Renowned scholar J. Michael Dash, professor of francophone literature and director of Africana Studies at New York University, will share his celebrated knowledge of Haiti in a lecture entitled “The Disappearing Island: Haiti, History and the Hemisphere,” on Saturday, March 20, at 7:30pm in Vari Hall Lecture Room A.
Left: J. Michael Dash
In recognition of Haiti’s Independence Bicentennial this year, the 2004 Jagan and Baptista Lecture will commemorate this historic rebellion of the oppressed, celebrate Haiti’s contributions to world culture and seek to provide a historic context within which to better understand current events. In his talk, Dash will provide his reflections on this country and its significance on the global scene.
The lecture is a joint event, constituting the Fifth Annual Jagan Lecture which commemorates the life and vision of the late Cheddi Jagan, Caribbean thinker, politician and political visionary; and the Third Bi-annual Baptista Lecture which is named in honour of Michael Baptista. The event is co-organized by York’s Centre for Research on Latin America & the Caribbean, Latin American & Caribbean Studies program, York International and the Jagan Lectures Planning Committee.
Background to Haiti
A news release about the lecture says the following: Ongoing political turmoil has catapulted Haiti into the international spotlight in recent weeks. Outside of such explosive moments, though, this island nation has remained largely invisible to international perception. Its remarkable and instructive history, however, has much to teach us.
Haiti has suffered more than 30 coups d’état in its 200-year existence. It was occupied by the US marines for 19 years and suffered decades of dictatorship under US client regimes during the last century.

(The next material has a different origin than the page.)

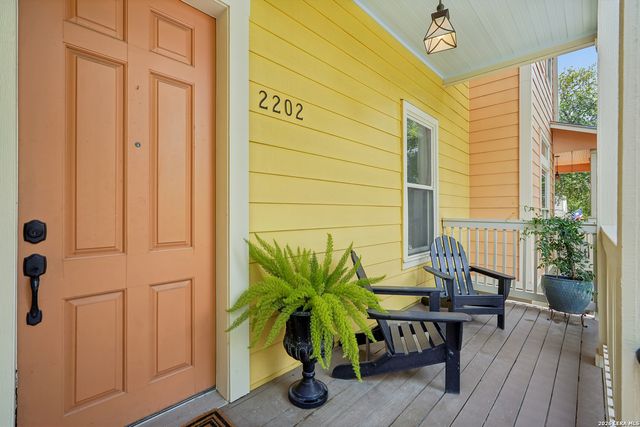 400 E Guenther St Unit 2202, San Antonio, TX 78210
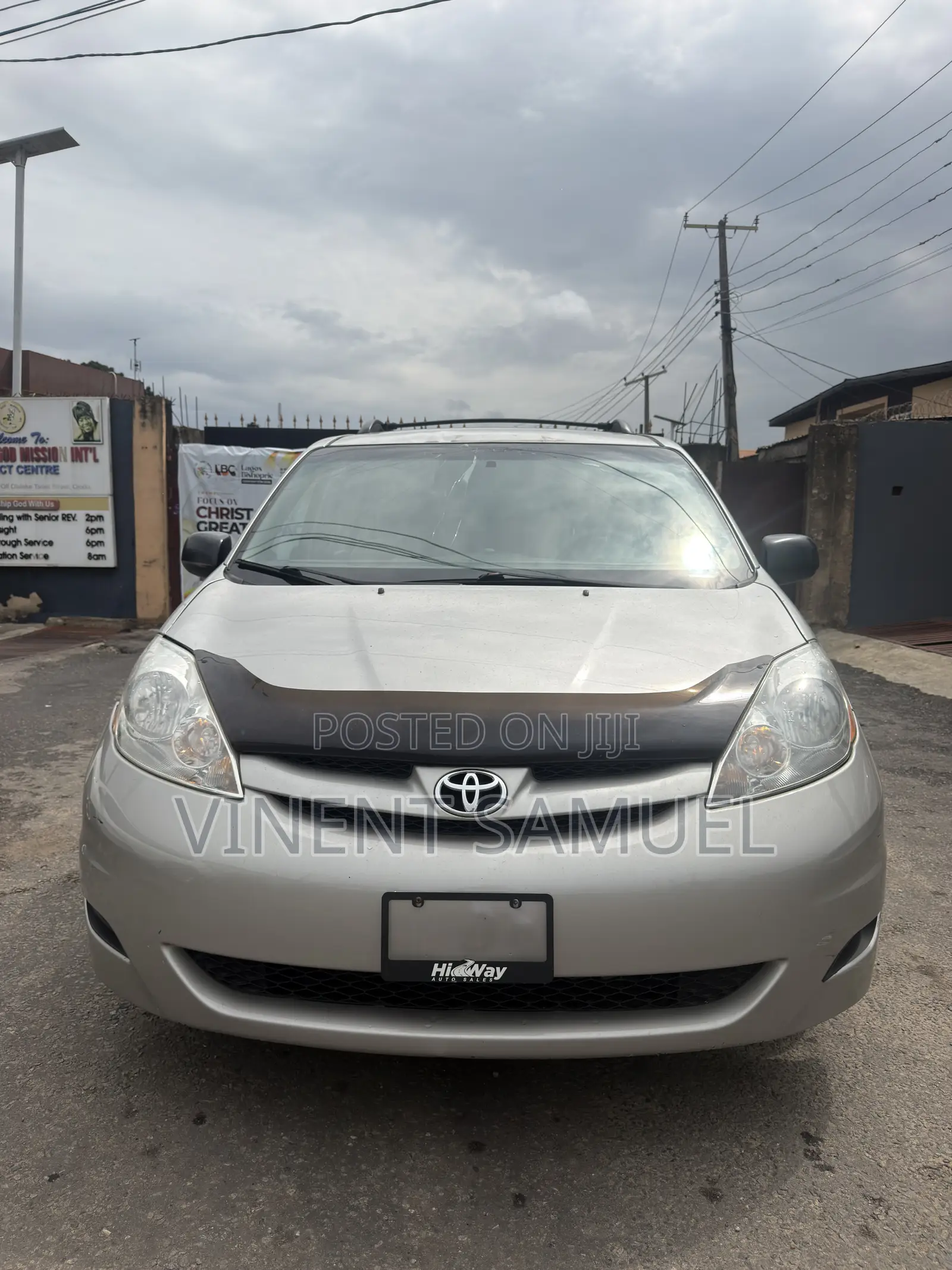 Toyota Sienna 2004 Gold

It is the poorest country in the hemisphere, and is now confronted with humanitarian crisis, social and political chaos and another US occupation.
In its epic birth as a nation, however, Haiti epitomized the universal human will toward freedom. It became the second sovereign nation in the Americas and the first black republic in 1804, when its people, in the only successful slave rebellion in history, defeated French colonial rule.
More about J. Michael Dash
Dash, born in Trinidad, has worked extensively on Haitian literature and French Caribbean writers. Before taking up his current position at New York University, he spent 21 years at the University of the West Indies, Jamaica, where he was professor of francophone literature and Chair of the Modern Languages Program.